When Tesla (TSLA -8.78%) began construction on its $5 billion Gigafactory in Nevada, a lot of company observers saw it as a bold but wise move. At worst, if demand for electric vehicles and energy storage didn't shape up as projected, the company would be able to sell batteries to cellphone manufacturers.

As the Model 3 nears its launch date, the Gigafactory is ramping up production to meet demand for the 500,000 vehicles Tesla plans on making next year. At the same time, Tesla's success in EVs and the growth of energy storage haven't gone unnoticed by competitors. Companies around the world are building out battery capacity to fill the needs of automakers and energy storage developers alike. And rising capacity is driving overcapacity, leading to lower battery prices. If the trend continues, competitors will be able to ride the industry's commodity prices while Tesla will have to contend with the falling value of batteries coming out of the Gigafactory. Here's why that's a challenge in the long term. 

A Tesla Model S driving on a sunny day.

Image source: Tesla.

How the battery industry became oversupplied

When Tesla began building the Gigafactory, it was expected to nearly double the world's battery production when it opened. And if Elon Musk was going to make 500,000 EVs per year, he needed to make a bet that big on batteries. 

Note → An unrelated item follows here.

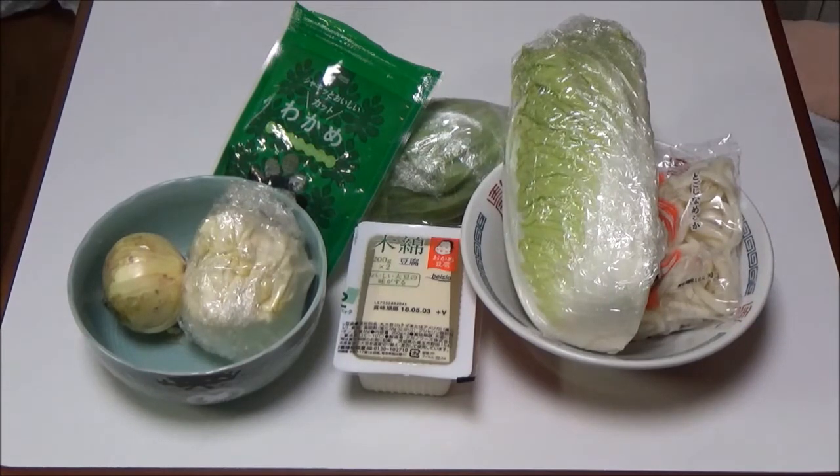Step 4: Boil water 1500cc again for miso soup. Step 5: Add hakusai, onion, cabbage, and seaweed in the pan. Step 6: Sprinkle seasonings except miso paste after boiling the veggies.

But since then, lots of competitors have begun expanding battery capacity. BYD, AESC (owned by Nissan and NEC), LG Chem, Samsung, and other Asian suppliers are building out their own capacity in an effort to capture market share. And while capacity is opaque, there are indications that there will be more than enough supply for everyone. Sources I've talked to say that finding supply is the least of their worries, and prices on the open market are below $300 per kWh and falling. Costs are expected to fall further as oversupply hits the market, with manufacturers likely to sell near their own cash costs just to gain market share. One sign that batteries aren't a business that's very attractive is that Nissan has decided to sell its stake in AESC, having decided it's a better idea to buy batteries on the open market. Through its partnership with Panasonic and the Gigafactory buildout, Tesla is moving in the opposite direction. 

Tesla Powerpacks installed in California.

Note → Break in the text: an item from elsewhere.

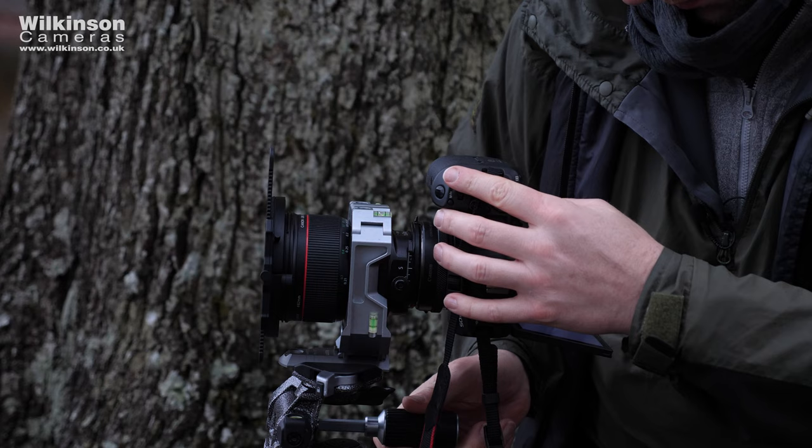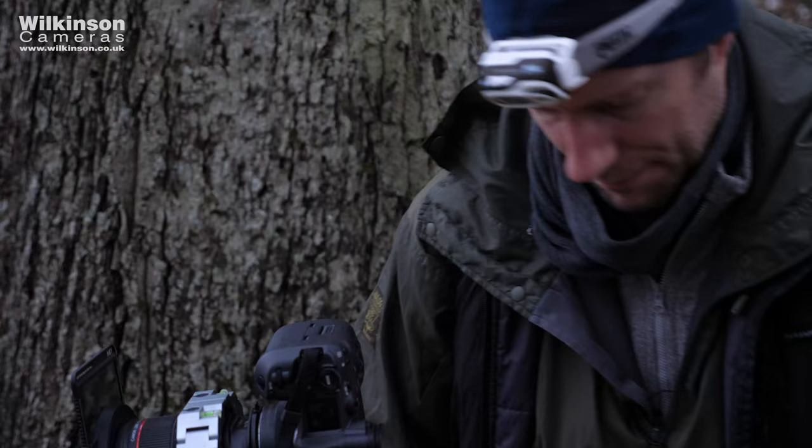By using a tilt-shift lens, I get to keep the camera very level — so this is now totally perpendicular. With the shift, I can change my framing to make sure I get the height that I want, but I also get the composition I want with the foreground, midground, and background.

Tesla Powerpacks installed in California. Image source: Author.

On the demand side, EVs haven't taken hold as fast as many had predicted. In 2008, President Obama said he wanted 1 million EVs on the road by 2015. We might not hit that level in the U.S. until 2020. Even Tesla, for all its success, has repeatedly missed its own production and sales targets. That trend could change, but companies are investing in new battery capacity for projected demand for EVs and energy storage. For now, a combination of slower-than-hoped-for growth in EV demand and a boom in battery supply will leave the market oversupplied with batteries for the foreseeable future. 

There's a parallel to solar energy

There's no question that the EV industry is growing, and so is energy storage, so there is some good news. But how quickly demand and capacity grow can tell us a lot about how companies will perform financially. If the market is undersupplied, you want to have some captive supply of batteries to meet your customers' needs. But if it's oversupplied, you want to buy product that manufacturers are dumping on the market at low costs. And buying batteries on the open market can save billions in capital costs to build capacity, too.

This same dynamic happened in the solar industry a decade ago and in some ways continues today. Everyone gets excited about the growth of the solar industry, so suppliers build as much capacity as they can. But demand doesn't grow as quickly as supply, and thus the market becomes oversupplied. Panel prices fall, making the product less valuable. Technology improves and the cost structure of new manufacturing gets better, and the cycle begins again. 

Five to 10 years after solar plants were completed, most of them were obsolete. You can see the financial devastation in former global capacity leaders Suntech Power and Q-Cells going bankrupt and in the more recent collapse of Yingli Green Energy. The solar companies who have done well weren't panel manufacturers, they were companies buying solar panels from commodity suppliers and riding the falling commodity prices in the industry. 

The supply of batteries doesn't appear to be the problem

When Tesla decided to build the Gigafactory, it did so because it needed to ensure battery supplies for its massive EV and energy storage growth plans. Today, the market appears to be flush with batteries, and competitors can buy them on the open market at costs similar to Tesla's manufacturing costs without the headache of actually building a battery plant. Some are even buying batteries directly from Tesla, which is reporting gross margins in energy in the low single digits

Tesla is going to need to keep producing batteries at or below the cost of competitors' or risk being at a competitive disadvantage. Given the similarities between the battery market today and the solar industry a decade ago, and the fact that building massive manufacturing capacity was the surest sign of future financial trouble in solar, investors need to watch closely how Tesla executes its battery strategy. Building out capacity can seem like a good idea, but not if that leaves you captive to older technology when competitors are buying better technology for less.